Our findings indicate a strong correlation between patient-led health optimisation during the pre-surgical waiting period and reduced length of stay. A 24-h reduction in LoS represents a meaningful improvement in recovery time, with the additional benefit of improving patient flow through the system and thus reducing wait times for other patients. Additionally, despite not reaching statistical significance (p = 0.199), the current results show a trend toward a reduction in HACs for MPP patients, which may partially explain the reduced LoS and additionally deliver gains in patient safety and hospital performance. These clinical benefits are further amplified by a $2,251.85 reduction in the average cost of admissions in MPP participants, highlighting the cost-effectiveness of the intervention and its potential benefits for healthcare budgets and resource allocation. Previous studies have highlighted that cost-effectiveness for prehabilitation remain scarce, but reductions in hospital stay and associated costs have been reported in similar contexts.⁹

With a global rise in ‘hidden’ waiting lists, leveraging what is often considered passive wait time to enable early pre-surgical health optimisation offers a unique opportunity for patient engagement and system efficiency. Early intervention may have the potential to delay or reduce the need for surgery by strengthening muscles, addressing pain and losing weight, potentially reducing demand. Identifying and addressing modifiable risk factors via targeted health advice well before surgery can support more comprehensive optimisation, further reducing post-operative complications and supporting faster surgical recovery. While MPP may have influenced expectations and perceived surgical preparedness, it is difficult to determine which specific components contributed to the observed reduction in length of stay. Improved consumer understanding of their condition and available options can enhance the quality of care and satisfaction with the surgical journey.
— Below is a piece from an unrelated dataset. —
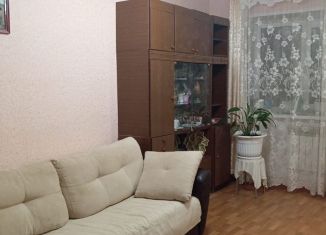 Сдача в аренду 3-ком. квартиры, 62 м2, Татарстан, улица Строителей, 4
Improvements are also likely to be seen in readmission rates and patient safety metrics by proactively managing risks such as obesity, chronic pain, and frailty before surgery. Early intervention allows consumers, primary care staff and hospital healthcare teams to tailor perioperative plans more effectively, potentially preventing complications that often lead to extended hospital stays or readmissions.

By providing patients with health advice well before a hospital appointment, the program empowers patients to take an active role in their care. This early engagement promotes autonomy, self-management, shared decision-making, and better engagement in pre- and post-operative care plans. Early pre-operative interventions, such as multimodal prehabilitation including exercise, nutritional optimisation and psychological support take advantage of the window between contemplation of surgery and the procedure, improving surgical outcomes, facilitating rapid recovery, and limiting post-operative functional dependence.¹⁰ Enhanced patient understanding may contribute to more efficient perioperative pathways by reducing uncertainty and improving preparedness for surgery.

Given its scalability and adaptability, this light-touch, digital prehabilitation program could be integrated across other surgical pathways and hospital settings. It underscores the value of multidisciplinary collaboration and may serve as an affordable, scalable foundation for broader ‘surgical school’ or surgical coaching programs which have demonstrated benefit across a range of settings.^11,12

Potential limitations of the approach and observed results include the observational design, potential participation bias and the relatively small number of participants who have had surgery thus far. This study was also limited by the data available from EMR; more use of digital health questionnaires would greatly improve sample size, data collection and quality allowing for greater comparison between cohorts. Further research with a larger operated cohort and longer-term evaluation are needed to better assess the effect size and help understand potential mechanisms whereby the apparent gains are delivered. The inclusion of validated patient reported outcome measures (PROMs), such as the EQ-5D-5L, would also strengthen the analysis by capturing broader health impacts and patient perspectives. MPP pathways developed more recently have been labelled as ‘My PreHab Program +’ which include more tailored elements such as referral and waitlist management, generalised PROMs (EQ-5D-5L) as well as specialty specific PROMs (e.g., Breast/Body-Q, the Australian Pelvic Floor Questionnaire).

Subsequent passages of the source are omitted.